◆ AIM OF THE EXERCISE: Find the line containing "1pc Fashion Exquisite" in the listing below; reproduce it and every line after, exactly. Skip pictures.

◆ INPUT DATA:

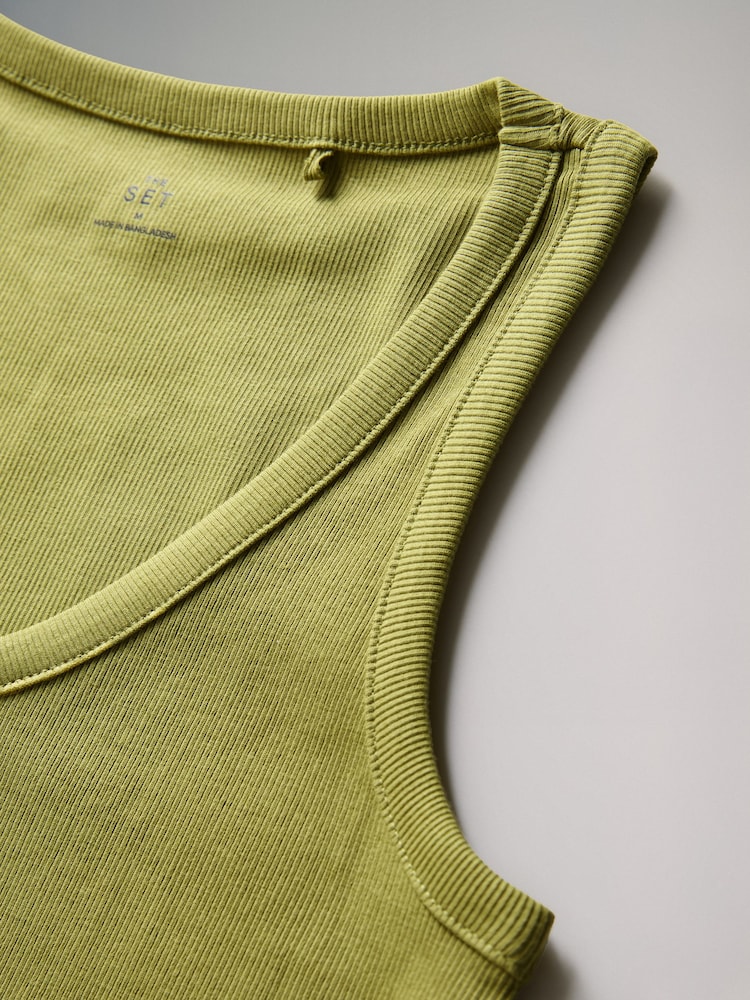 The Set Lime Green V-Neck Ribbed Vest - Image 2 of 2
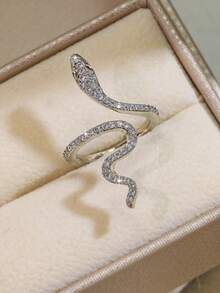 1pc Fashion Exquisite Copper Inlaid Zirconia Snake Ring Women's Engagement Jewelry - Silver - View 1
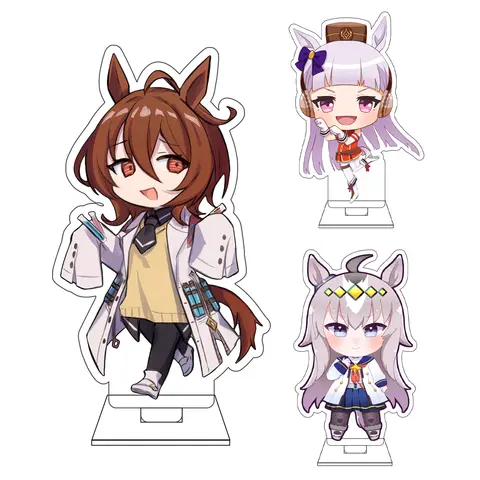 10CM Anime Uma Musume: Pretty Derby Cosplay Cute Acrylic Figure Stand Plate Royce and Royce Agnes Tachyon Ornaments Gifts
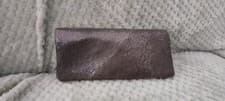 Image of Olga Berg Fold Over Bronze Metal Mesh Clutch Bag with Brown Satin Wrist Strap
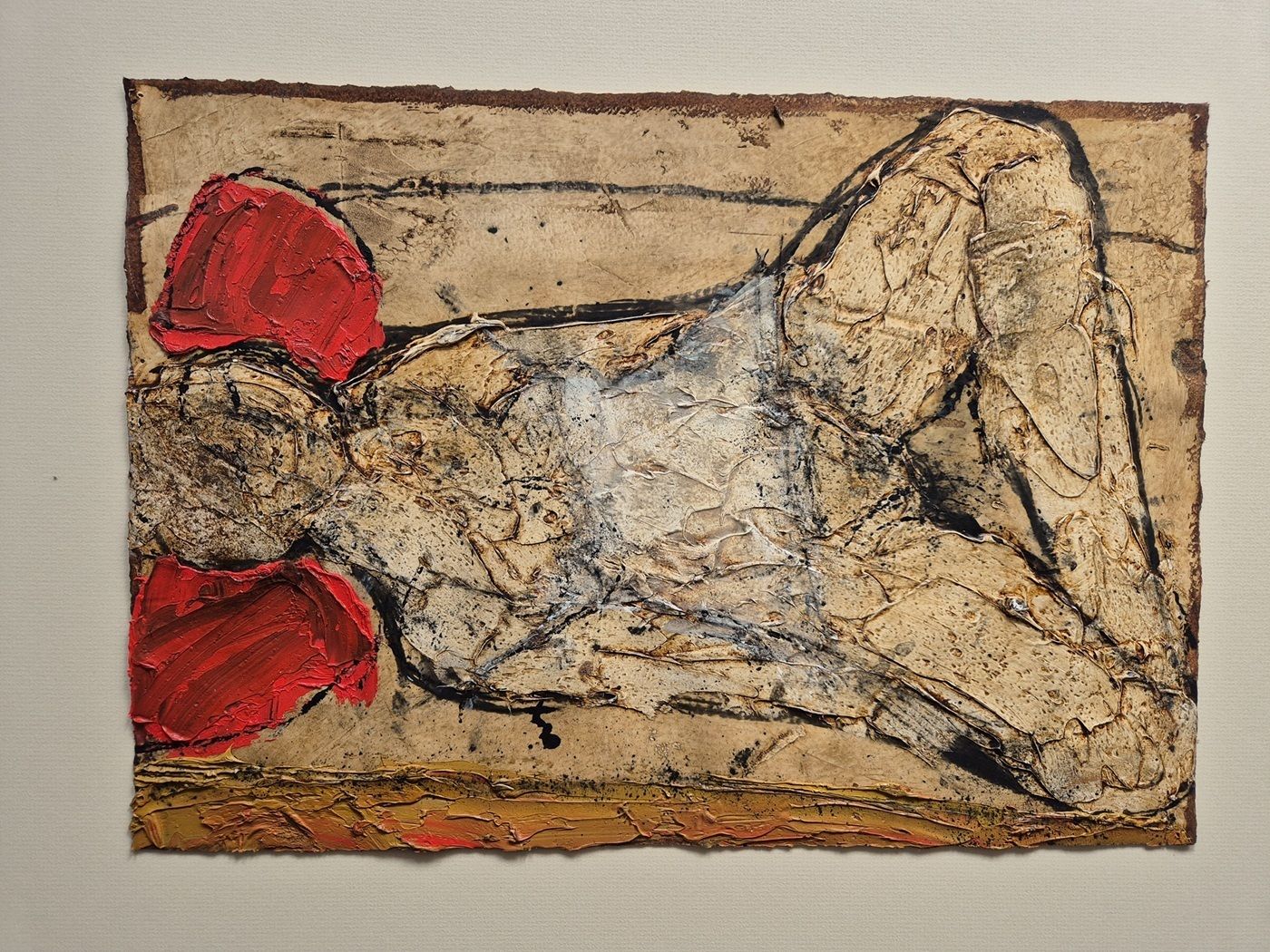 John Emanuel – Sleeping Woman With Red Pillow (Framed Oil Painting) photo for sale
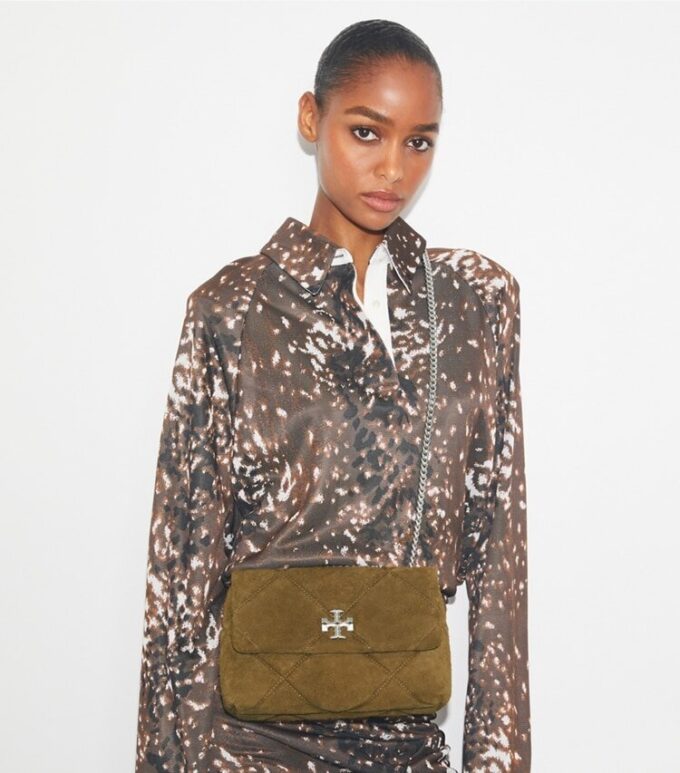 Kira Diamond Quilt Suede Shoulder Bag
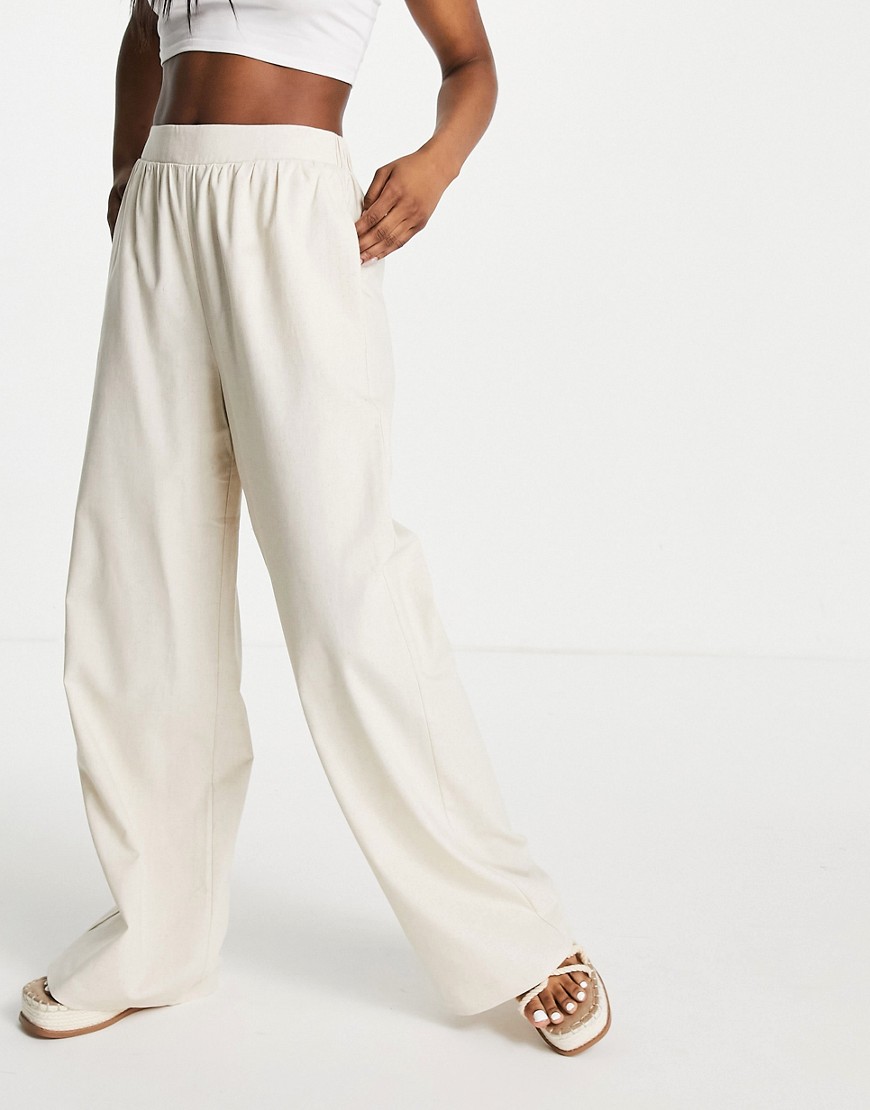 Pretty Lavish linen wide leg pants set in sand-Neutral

◆ RESULT BELOW:
 1pc Fashion Exquisite Copper Inlaid Zirconia Snake Ring Women's Engagement Jewelry - Silver - View 1
 10CM Anime Uma Musume: Pretty Derby Cosplay Cute Acrylic Figure Stand Plate Royce and Royce Agnes Tachyon Ornaments Gifts
 Image of Olga Berg Fold Over Bronze Metal Mesh Clutch Bag with Brown Satin Wrist Strap
 John Emanuel – Sleeping Woman With Red Pillow (Framed Oil Painting) photo for sale
 Kira Diamond Quilt Suede Shoulder Bag
 Pretty Lavish linen wide leg pants set in sand-Neutral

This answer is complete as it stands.